En fait, ce qui m’a interpellé dans le sympathique billet cité, c’est l’exemple suivant :
« Ce qui me gène concrètement c’est de jeter René Dumont de nos bibliothèques par exemple ! Il n’est plus réédité, c’est une figure majeure de la fin du XXe notamment en ce qui concerne l’Afrique mais aussi la question écologique qui est de nouveau à la mode (tant mieux) depuis le nouveau concept de “développement durable”…. »

(Parenthèse : pour comprendre mon attention, il faut savoir que dans mes jeunes années et encore maintenant – mais ne me parlez pas des Verts !! -, j’ai été fasciné par les écrits et la force de conviction de René Dumont. Alors, ce collègue me télépathe un cauchemar : et si toutes ses œuvres avaient été aujourd’hui pilonnées dans toutes les bibliothèques ?!! fin de la parenthèse)

Décidément, la collection est lieu de bien des conflits et des angoisses ! On connaissait l’existence d’une censure conduite par respect du savoir établi ou pour le bien des citoyens. Cette fois-ci, on aborde la collection sous l’angle du « comment ? Vous n’avez pas tel auteur ?!« , et même pire : « comment ? Vous aviez cet auteur et vous l’avez désherbé ?! » – notez l’incitation à la mauvaise conscience.

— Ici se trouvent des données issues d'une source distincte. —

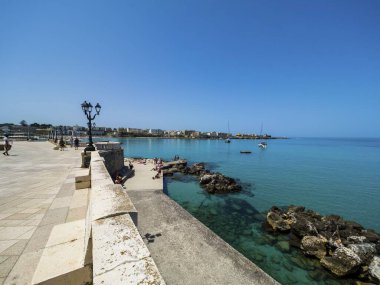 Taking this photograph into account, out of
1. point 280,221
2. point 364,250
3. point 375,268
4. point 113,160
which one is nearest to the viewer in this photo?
point 375,268

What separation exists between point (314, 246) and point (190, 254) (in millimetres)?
6641

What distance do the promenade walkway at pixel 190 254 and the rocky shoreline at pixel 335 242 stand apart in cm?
502

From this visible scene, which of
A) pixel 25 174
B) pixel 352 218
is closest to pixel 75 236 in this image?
pixel 25 174

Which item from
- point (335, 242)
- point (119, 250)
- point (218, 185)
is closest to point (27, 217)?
point (119, 250)

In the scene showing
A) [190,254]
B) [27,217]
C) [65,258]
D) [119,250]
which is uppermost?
[119,250]

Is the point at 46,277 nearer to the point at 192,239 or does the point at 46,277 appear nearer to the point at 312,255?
the point at 192,239

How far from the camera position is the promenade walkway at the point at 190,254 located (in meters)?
4.71

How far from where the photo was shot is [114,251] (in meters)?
1.51

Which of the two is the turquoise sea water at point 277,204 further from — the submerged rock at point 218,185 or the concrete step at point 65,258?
the concrete step at point 65,258

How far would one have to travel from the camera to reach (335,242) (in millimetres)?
8820

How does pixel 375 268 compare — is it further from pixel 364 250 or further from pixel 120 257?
pixel 120 257

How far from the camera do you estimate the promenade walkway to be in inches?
185

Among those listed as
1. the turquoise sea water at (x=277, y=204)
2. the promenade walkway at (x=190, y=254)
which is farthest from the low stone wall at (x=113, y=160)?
the promenade walkway at (x=190, y=254)

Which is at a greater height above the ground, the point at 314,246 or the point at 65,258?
the point at 65,258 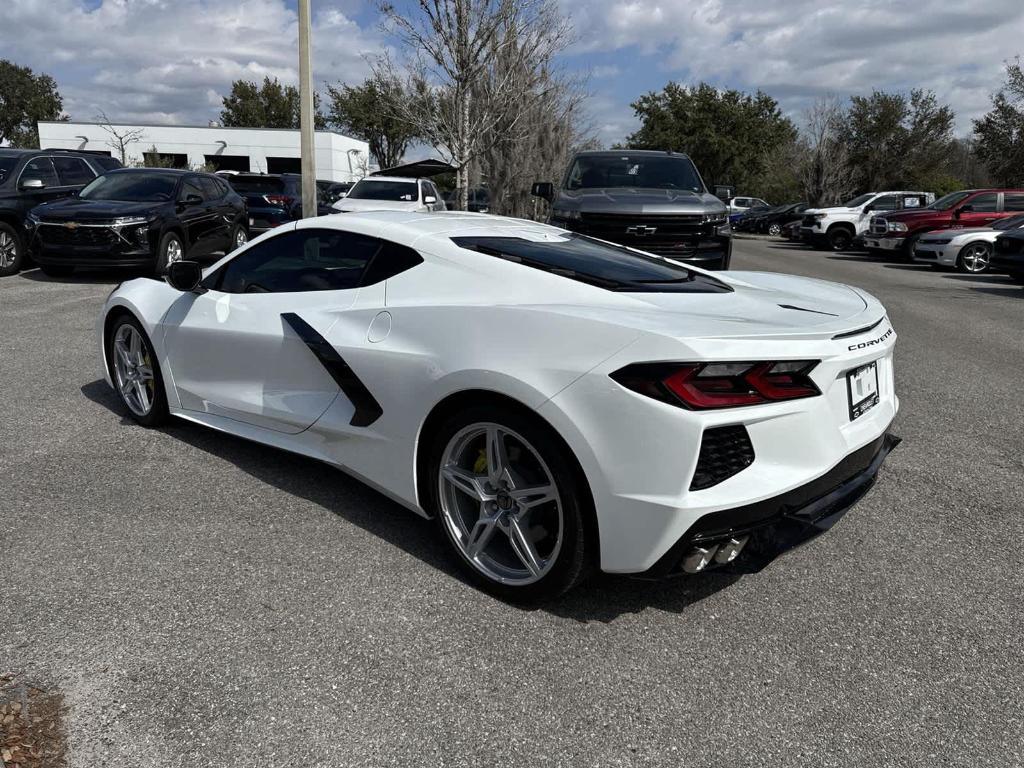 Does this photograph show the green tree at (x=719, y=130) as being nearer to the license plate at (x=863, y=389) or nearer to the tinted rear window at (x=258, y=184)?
the tinted rear window at (x=258, y=184)

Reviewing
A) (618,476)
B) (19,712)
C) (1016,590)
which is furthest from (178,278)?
(1016,590)

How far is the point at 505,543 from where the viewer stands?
10.7 ft

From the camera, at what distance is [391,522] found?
3773mm

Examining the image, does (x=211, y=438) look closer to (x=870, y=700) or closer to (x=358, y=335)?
(x=358, y=335)

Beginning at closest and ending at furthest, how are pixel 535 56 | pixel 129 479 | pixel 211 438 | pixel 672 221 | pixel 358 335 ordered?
pixel 358 335, pixel 129 479, pixel 211 438, pixel 672 221, pixel 535 56

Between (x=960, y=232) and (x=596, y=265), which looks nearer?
(x=596, y=265)

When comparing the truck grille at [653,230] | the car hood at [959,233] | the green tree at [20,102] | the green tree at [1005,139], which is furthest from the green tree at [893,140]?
the green tree at [20,102]

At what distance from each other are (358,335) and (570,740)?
1.82 metres

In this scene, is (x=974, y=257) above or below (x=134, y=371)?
above

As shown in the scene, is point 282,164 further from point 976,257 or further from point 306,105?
point 976,257

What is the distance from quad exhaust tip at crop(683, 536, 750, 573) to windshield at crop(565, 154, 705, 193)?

Cette perplexité, nous l’avons tous connue professionnellement. Pour la résoudre, il faut raisonner sur plusieurs plans :

  • L’importance d’un auteur, et encore plus celle de certaines œuvres majeures de cet auteur, est très difficile à discerner du vivant de cet auteur, ne serait-ce que par la méconnaissance de ce qu’il pourra arriver à produire avant de décéder. Et aussi parce qu’à chaque époque correspond un horizon de référence différent : vous aurez noté que le succès public de ce qu’on appelait dans les années 1970 l’écologie a connu une longue éclipse avant de renaître en ce début du XXIe siècle avec le développement durable. Et si on examine les arguments mis en avant dans les deux cas, ils sont très différents sur beaucoup de points. Que René Dumont soit appelé à connaitre un regain d’intérêt, je crois cela possible, mais avec une lecture différente. Alors, me direz-vous, pourquoi n’avez-vous pas eu la prescience de le conserver dans les rayons pour l’offrir en lecture à nos contemporains ?
  • C’est là qu’il faut changer d’angle : considérant une bibliothèque publique moyenne, qui n’a ni mission ni moyens de conservation à long terme (son fonds local, et guère plus), elle doit chaque année acquérir de nouveaux titres pour suivre l’évolution des savoirs et des écritures, et immanquablement arrive le moment où elle doit retirer de ses rayons des titres dont le succès s’est éteint, pour des raisons d’espace. De plus, on sait fort bien que plus le livre matériel vieillit, plus il est délaissé, en occupant une place précieuse (sans compter que les titres médiatiques de René Dumont ont pour la plupart été édités il y a plus de 35 ans : dans quel état sont-ils aujourd’hui ?).
  • Ce qui amène à questionner la destination de la collection, au moins dans cette bibliothèque publique moyenne. Contrairement aux idéalistes qui voient en la collection une mémoire pure, j’affirme que la collection est opportuniste, datée et localisée. Opportuniste : elle se plie aux besoins d’information d’une population donnée (ce qui ne signifie pas que ces besoins soient nécessairement éphémères). Datée : elle est aujourd’hui une réalité d’information qui prend en compte, à des degrés divers d’intensité, les interrogations et émerveillements de la société à un instant T. Localisée : elle est servie dans un espace donné, avec des moyens normés, des missions sélectives, un public particulier : comparer les choix de collection de la bibliothèque de Vaulx-en-Velin avec ceux de celle de La Rochelle n’a pas de sens (et d’ailleurs, il existe par ailleurs une bibliothèque au moins qui a vocation à collecter et conserver : la BnF !). La collection, pour un bibliothécaire, a une fonction d’usage, non une fonction symbolique. J’avais déjà abordé cette question, je ne vais donc pas radoter (et pourtant, ce n’est pas l’envie qui m’en manque !)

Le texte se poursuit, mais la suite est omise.